— EXERCISE DIRECTIONS —
Copy the lines verbatim, beginning with the line that contains "Billet, Inde, 5 Rupees, KM:80r, TB - India" and continuing through the end of the data, and only those lines.

— DATASET RECORDS —
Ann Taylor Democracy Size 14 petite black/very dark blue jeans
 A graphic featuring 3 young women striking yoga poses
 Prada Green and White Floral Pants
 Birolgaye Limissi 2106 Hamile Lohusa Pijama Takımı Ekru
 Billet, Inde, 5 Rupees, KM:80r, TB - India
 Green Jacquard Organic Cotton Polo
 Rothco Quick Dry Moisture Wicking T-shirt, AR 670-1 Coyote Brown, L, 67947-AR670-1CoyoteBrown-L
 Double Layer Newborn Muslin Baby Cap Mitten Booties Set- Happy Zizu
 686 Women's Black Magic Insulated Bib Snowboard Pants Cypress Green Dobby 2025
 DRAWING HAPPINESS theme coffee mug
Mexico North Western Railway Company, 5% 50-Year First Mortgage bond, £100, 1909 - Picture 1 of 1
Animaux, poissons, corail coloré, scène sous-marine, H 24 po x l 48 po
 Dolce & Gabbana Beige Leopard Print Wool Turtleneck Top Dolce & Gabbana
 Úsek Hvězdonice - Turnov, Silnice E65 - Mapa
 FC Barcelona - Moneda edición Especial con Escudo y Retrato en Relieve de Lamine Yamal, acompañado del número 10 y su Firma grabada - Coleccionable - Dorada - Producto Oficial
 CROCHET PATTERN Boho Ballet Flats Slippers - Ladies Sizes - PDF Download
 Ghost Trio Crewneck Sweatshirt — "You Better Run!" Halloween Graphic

— RESPONSE BELOW —
 Billet, Inde, 5 Rupees, KM:80r, TB - India
 Green Jacquard Organic Cotton Polo
 Rothco Quick Dry Moisture Wicking T-shirt, AR 670-1 Coyote Brown, L, 67947-AR670-1CoyoteBrown-L
 Double Layer Newborn Muslin Baby Cap Mitten Booties Set- Happy Zizu
 686 Women's Black Magic Insulated Bib Snowboard Pants Cypress Green Dobby 2025
 DRAWING HAPPINESS theme coffee mug
Mexico North Western Railway Company, 5% 50-Year First Mortgage bond, £100, 1909 - Picture 1 of 1
Animaux, poissons, corail coloré, scène sous-marine, H 24 po x l 48 po
 Dolce & Gabbana Beige Leopard Print Wool Turtleneck Top Dolce & Gabbana
 Úsek Hvězdonice - Turnov, Silnice E65 - Mapa
 FC Barcelona - Moneda edición Especial con Escudo y Retrato en Relieve de Lamine Yamal, acompañado del número 10 y su Firma grabada - Coleccionable - Dorada - Producto Oficial
 CROCHET PATTERN Boho Ballet Flats Slippers - Ladies Sizes - PDF Download
 Ghost Trio Crewneck Sweatshirt — "You Better Run!" Halloween Graphic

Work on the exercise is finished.